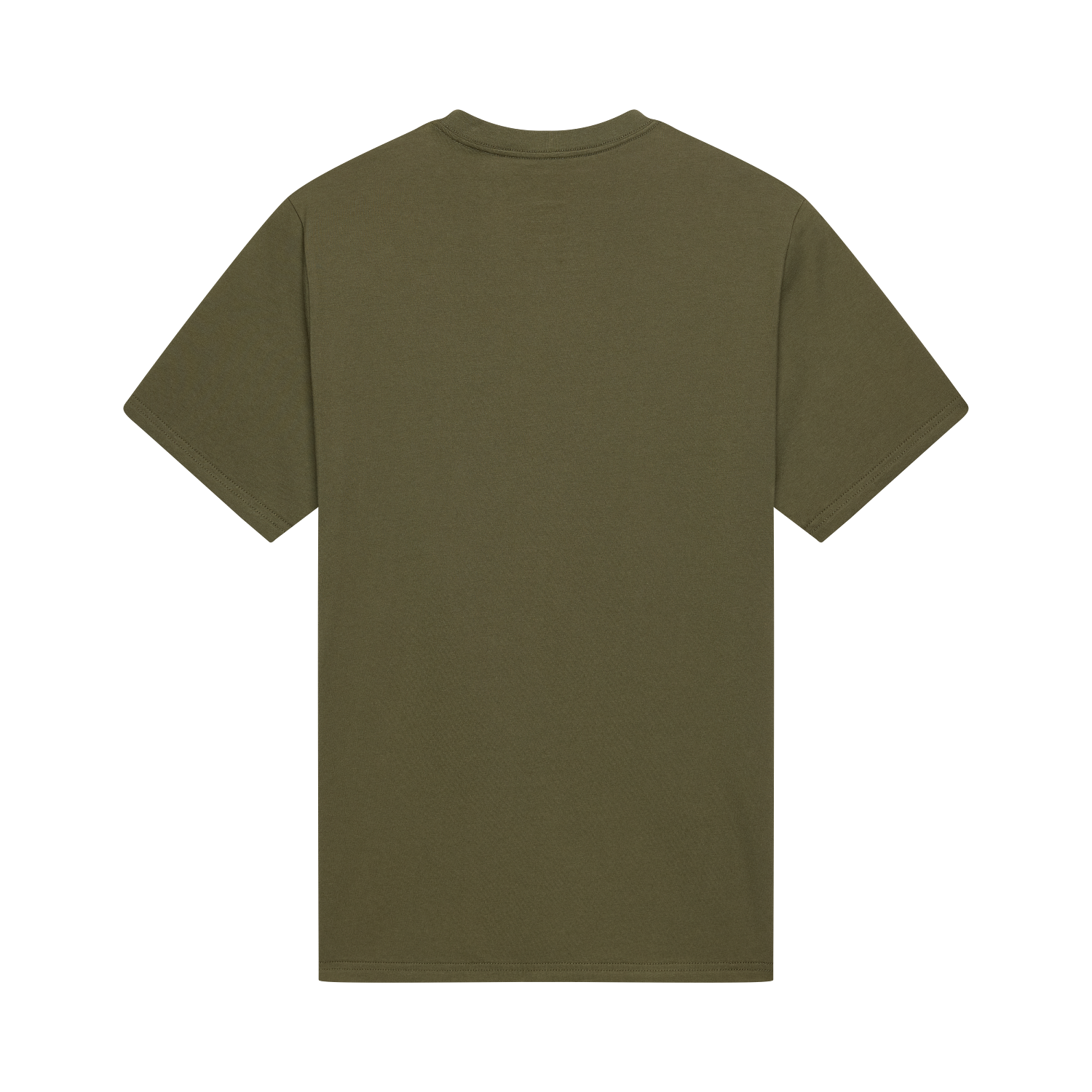 Absolute 2.0 195 Original Short Sleeve Tee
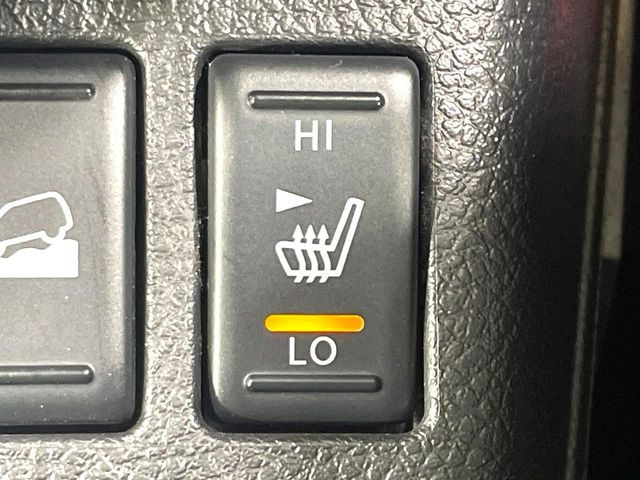 �y�V�[�g�q�[�^�[�z�������ɏd�󂷂�V�[�g�q�[�^�[!�G�A�R����葁�����܂��Ă����̂Ŋ�����̐l�����S�ł��ˁ�G�A�R���̉����͊������邩����A�Ƃ������ɂ����������߂ł��B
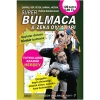 SÜPER BULMACA & ZEKA OYUNLARI 7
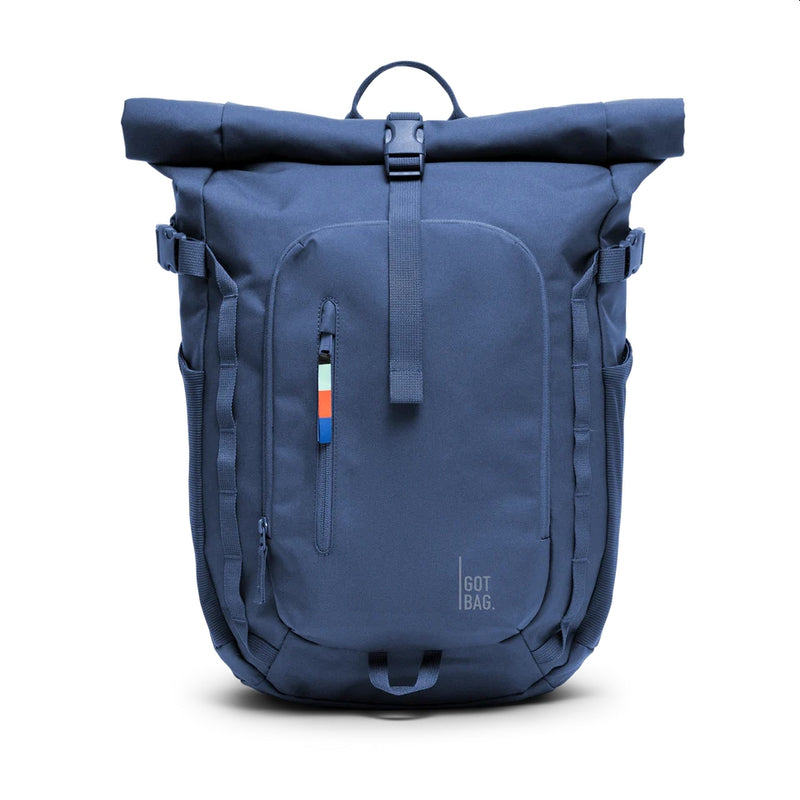 Got Bag Rolltop Adventure
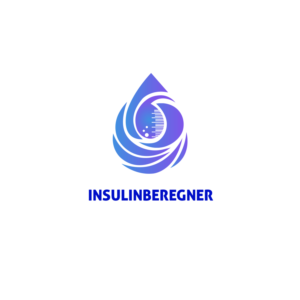 Diseño de Logo por Lourde Xavier para este proyecto | Diseño: #14590773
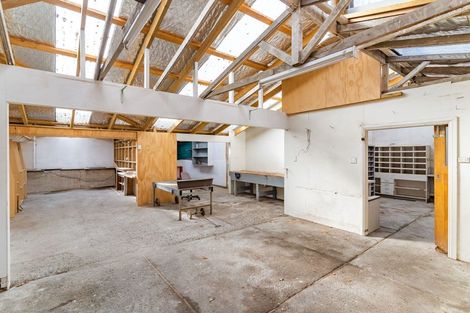 Photo of property in 71 Te Ore Ore Road, Lansdowne, Masterton, 5810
────────────────────
#### TRY IT
Copy out the data verbatim, excluding the pictures.

#### OUTPUT BELOW
 Absolute 2.0 195 Original Short Sleeve Tee
 �y�V�[�g�q�[�^�[�z�������ɏd�󂷂�V�[�g�q�[�^�[!�G�A�R����葁�����܂��Ă����̂Ŋ�����̐l�����S�ł��ˁ�G�A�R���̉����͊������邩����A�Ƃ������ɂ����������߂ł��B
 SÜPER BULMACA & ZEKA OYUNLARI 7
 Got Bag Rolltop Adventure
 Diseño de Logo por Lourde Xavier para este proyecto | Diseño: #14590773
 Photo of property in 71 Te Ore Ore Road, Lansdowne, Masterton, 5810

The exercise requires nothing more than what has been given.